The question seems to come down to the fact that sex dolls aren't sentient beings. A sex robot can't rival a partner's emotional connection [one would hope]. Some might argue sex robots are nothing more than highly advanced vibrators. On the other hand, the idea of a partner gaining sexual gratification from an immobile android designed solely to cater to their fantasies without needing to gain consent might be daunting or off-putting.
"I'm not sure I'd consider it cheating per say, but I'd consider it reducing women to inanimate sex objects and that would be a dumping offence for me!" commented one friend when I posed the question on Facebook. "I think I'd rather she slept with a human!" said another.
What complicates the issue further is that the definition of cheating is a fluid one, Denise Knowles, a counsellor for the relationships charity Relate, told IBTimes UK.
"Relate's research has found there's very little agreement around what actually counts as cheating and this can cause a lot of tension in relationships," she said.
Perhaps a better approach to the question is considering why we cheat at all and where sex robots fall into this narrative.
Research shows that we cheat for a variety of reasons, from sexual and relational issues, to simply seizing an opportunity which presents itself despite not being dissatisfied, according to Alicia Walker, assistant professor of sociology at Missouri State University, and author of The Secret Life of the Cheating Wife: Power, Pragmatism, and Pleasure in Women's Infidelity.
"In terms of cheating with a sex robot, the appeal would have to include the promise of not being disappointed," she argued. "The robot isn't going to reject you, declare itself not in the mood, or critique your performance. Additionally, it's a coupling where you do not have to be concerned with your partner's pleasure or needs."

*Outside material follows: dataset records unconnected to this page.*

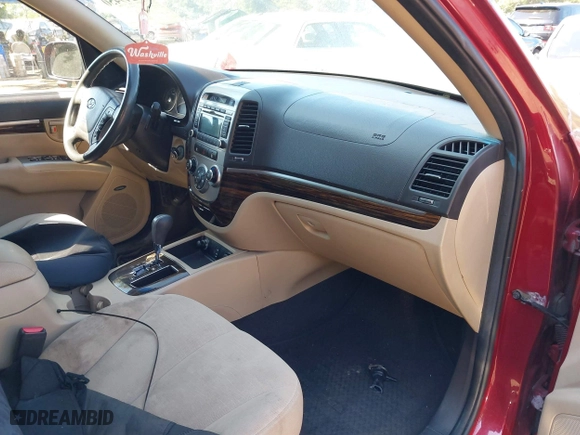 2012 Hyundai Santa Fe GLS with VIN 5XYZG3AB9CG143788, listed as a IAAI auction lot 40249450 with 139,594 mi miles. Bid and sale history available at carsss.com. Image 5.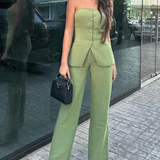 BRIA - Two-Piece Sleeveless Button Set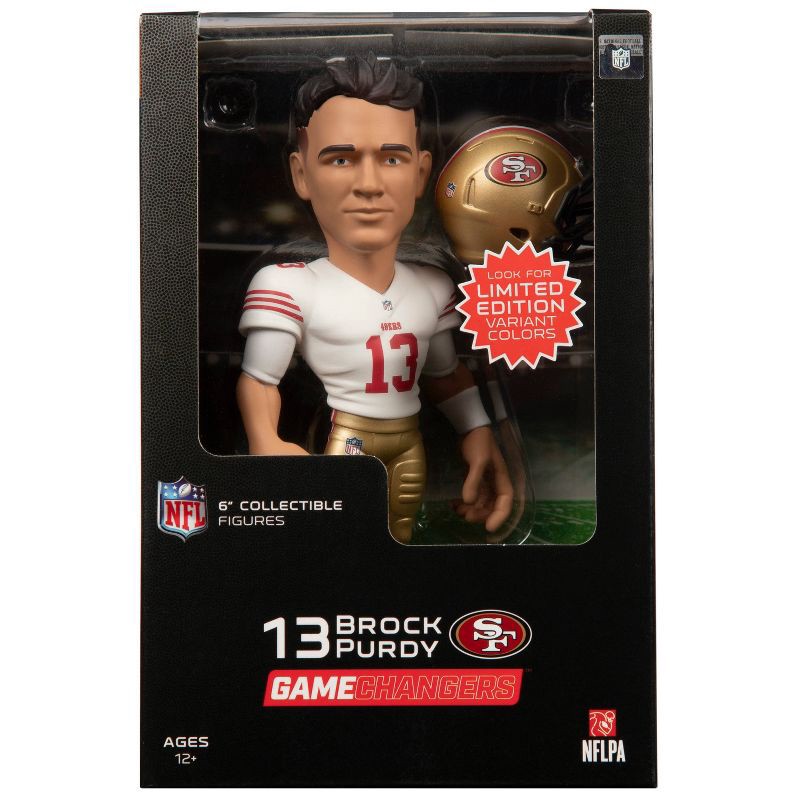 slide 4 of 4, NFL San Francisco 49ers Brock Purdy Gamechanger Mini Figure, 1 ct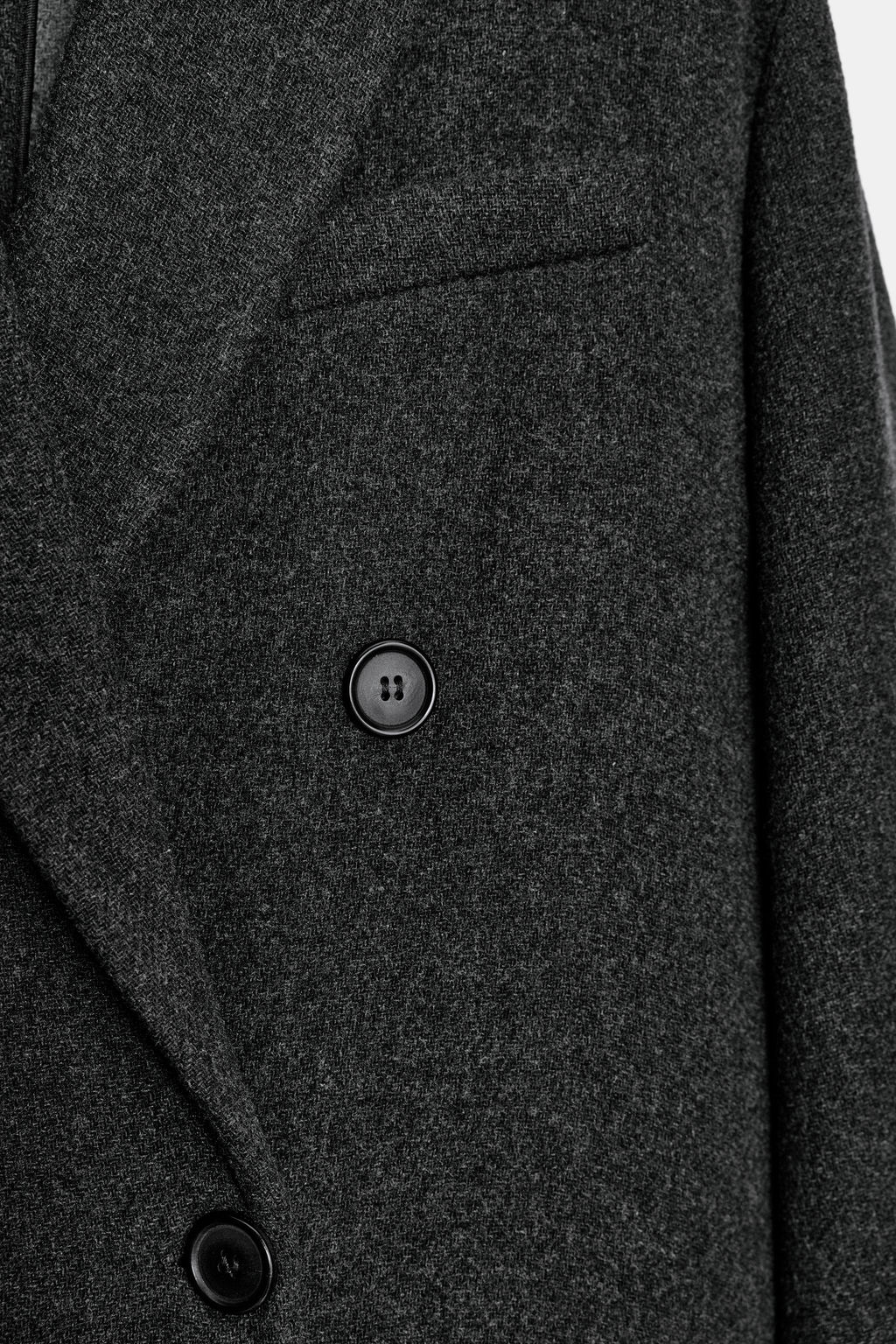 ZW COLLECTION LONG OVERSIZED COAT - Zara фото 6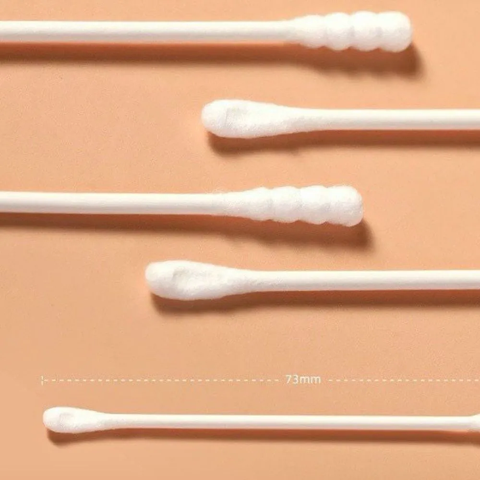 Tăm Bông thân giấy sơ sinh MaMicare - hoàn toàn bông tự nhiên, an toàn cho bé (200 que/gói)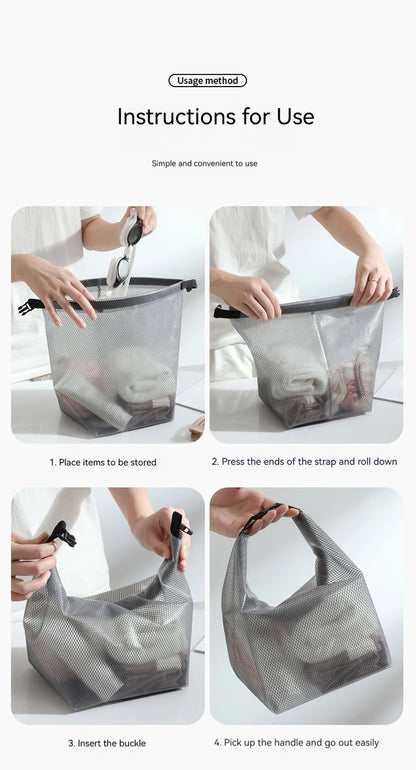 Large Capacity Waterproof Storage Bag Buggy Bag Travel Makeup Portable Storage Bag Outdoor Fitness Clothing Swimming Wash Bag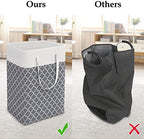 StorageRight Laundry Basket Hamper, 75L Clothes Storage, Clover Grey - Image 5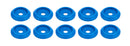 ALLSTAR PERFORMANCE Body Bolt Washer Plastic Blue 10pk ALL18848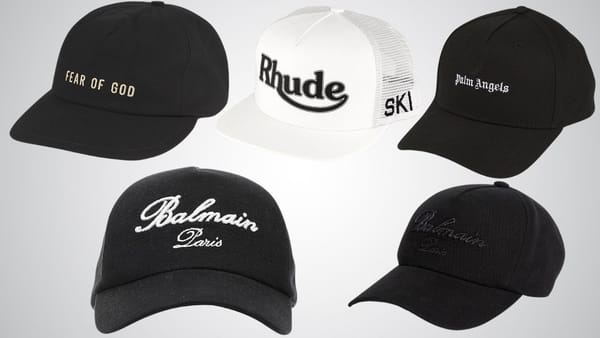 Men's Hats: The Ultimate Review of Palm Angels, Balmain, Fear of God, and Rhude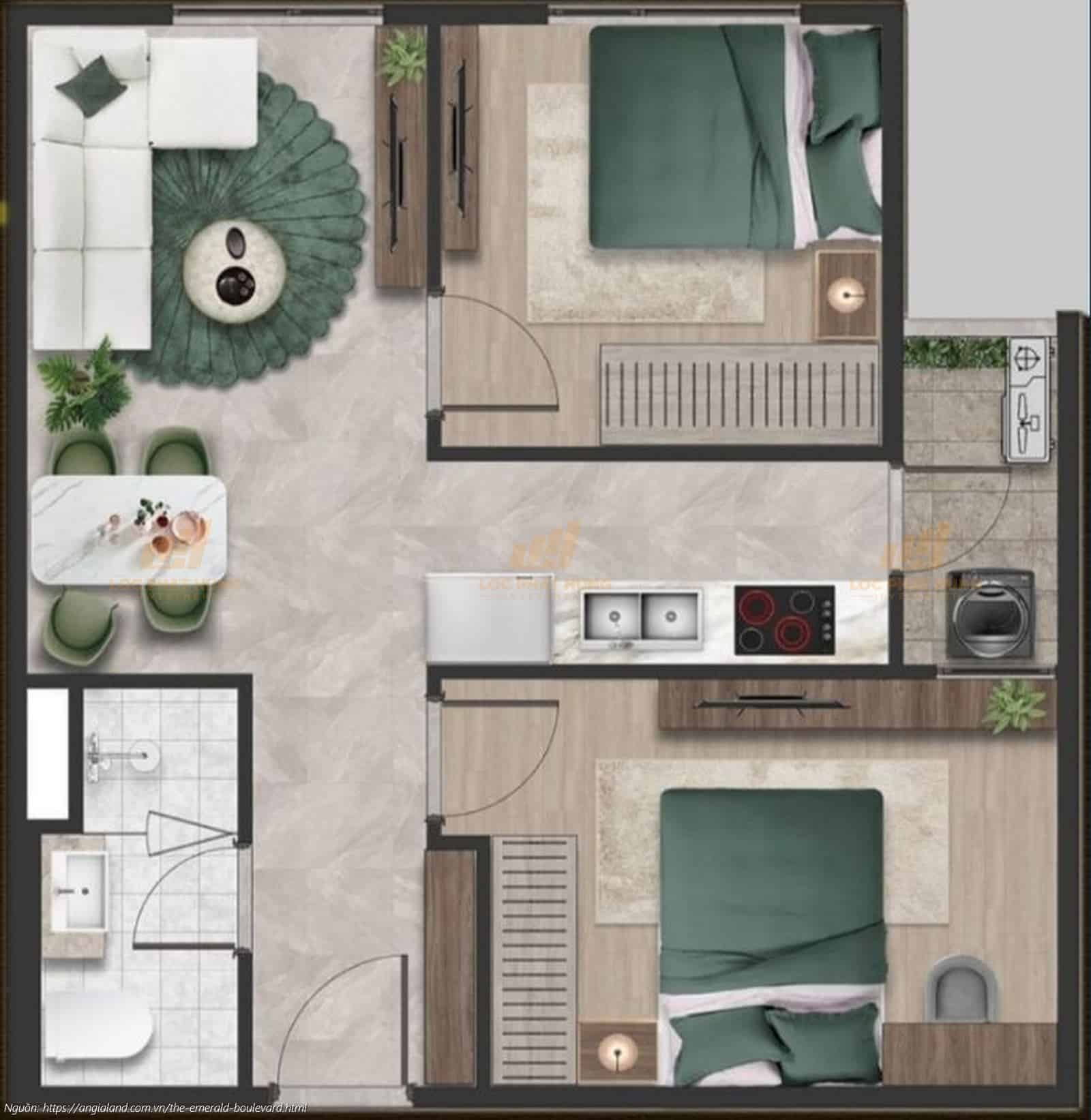 Thiết kế dự án căn hộ chung cư The Emerald Boulevard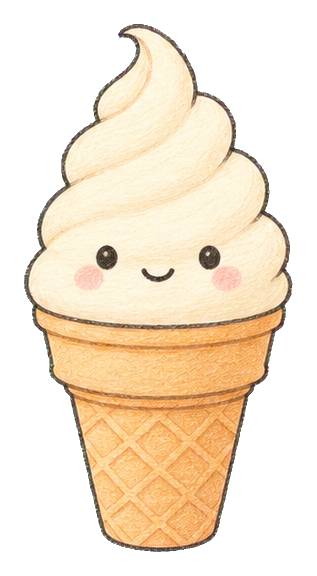 Preview for Vanilla Soft Serve Cone Sticker
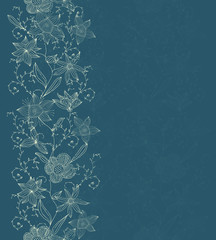 vertical seamless floral pattern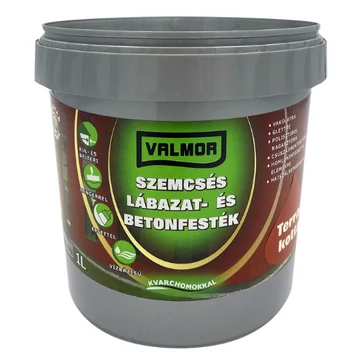 Valmor Szemcsés terrakotta 1 Lábazat- és Betonfesték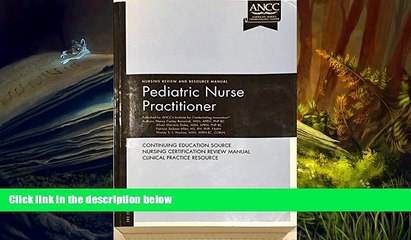 Audiobook  Pediatric Nurse Practitioner: Nursing Review and Resource Manual Full Book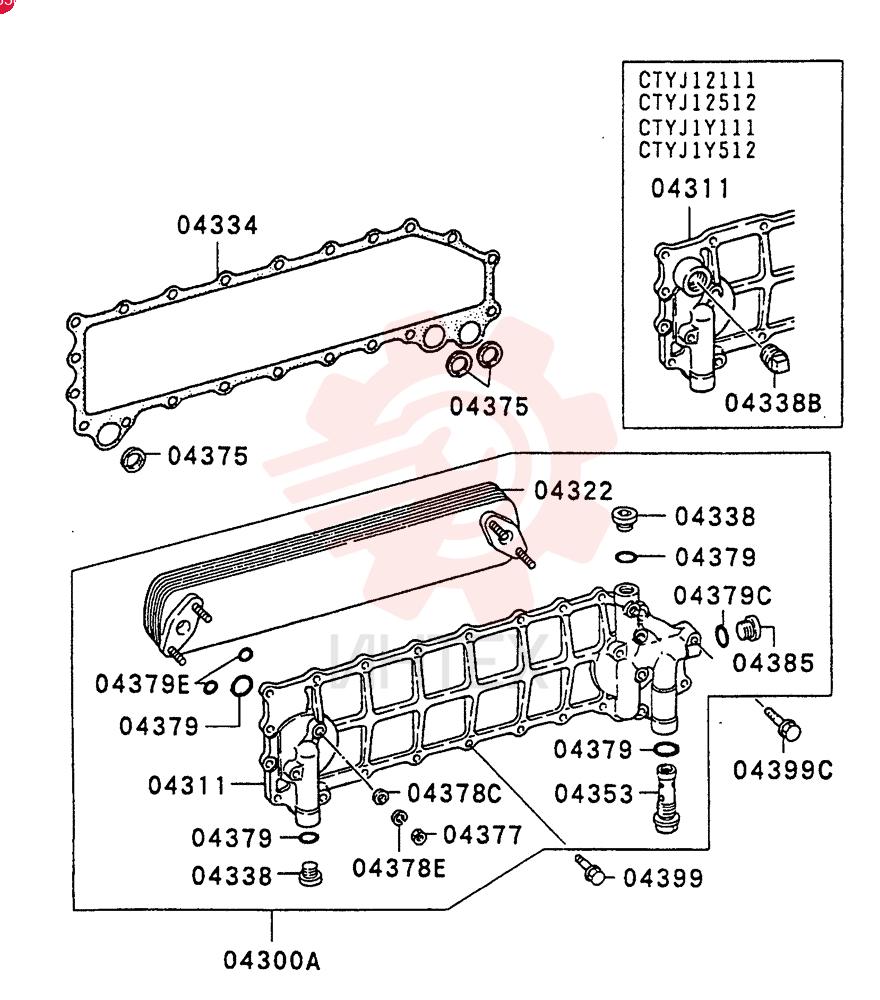 OIL COOLER VAME054547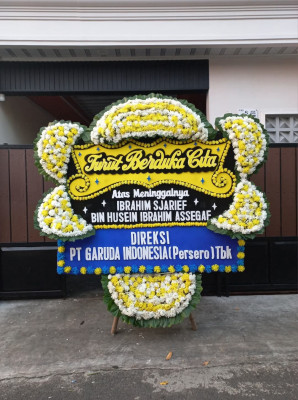 Papan Bunga Duka di Sumber Rejo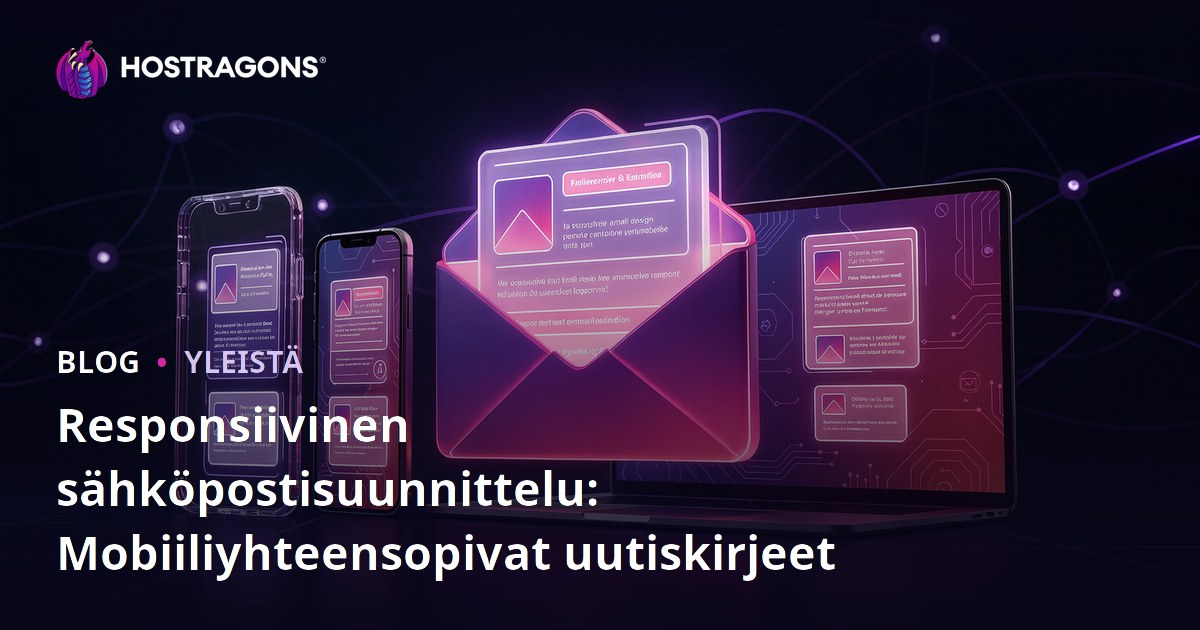 Responsiivinen sähköpostisuunnittelu: Mobiiliyhteensopivat uutiskirjeet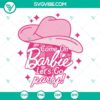 Disco Ball SVG download with Cowgirl Barbie theme. Perfect for party invitations and decorations.
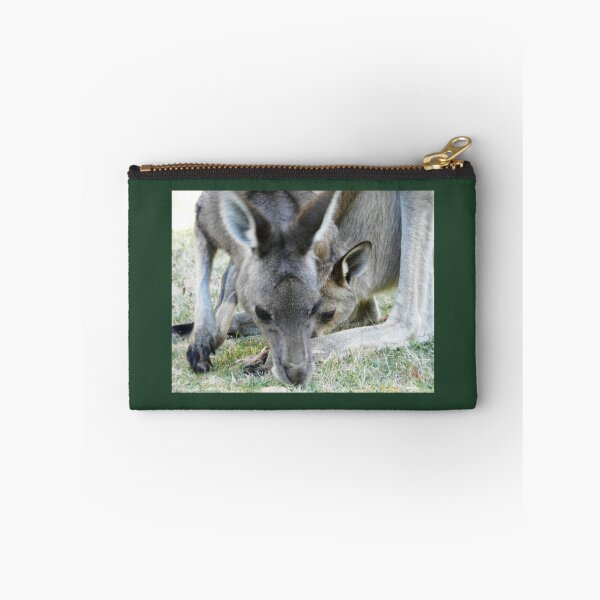 Item preview, Lazy Joey picks grass whilst in pouch - Hall's Gap  Vic. designed and sold by EdsMum.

However, her study into women who used an infidelity dating website showed that they sought other partners because they were in sexless or orgasmless marriages. "After years of wandering in a sexual desert, they decided they either had to break up their families or get their sexual needs met," she said. "So, they were cheating to stay."
"Many people do believe that if a sex toy is introduced into sex play it is an indication that you aren't a good enough lover, but that is a misconception," she added.
"Other people have concerns that a sex toy could replace them, or that their partner will require the toy to orgasm, or even to get sexually aroused. Research has found that men who report using vibrators regularly on their partners actually score higher on measures such as sexual desire, satisfaction, and erectile and orgasm function.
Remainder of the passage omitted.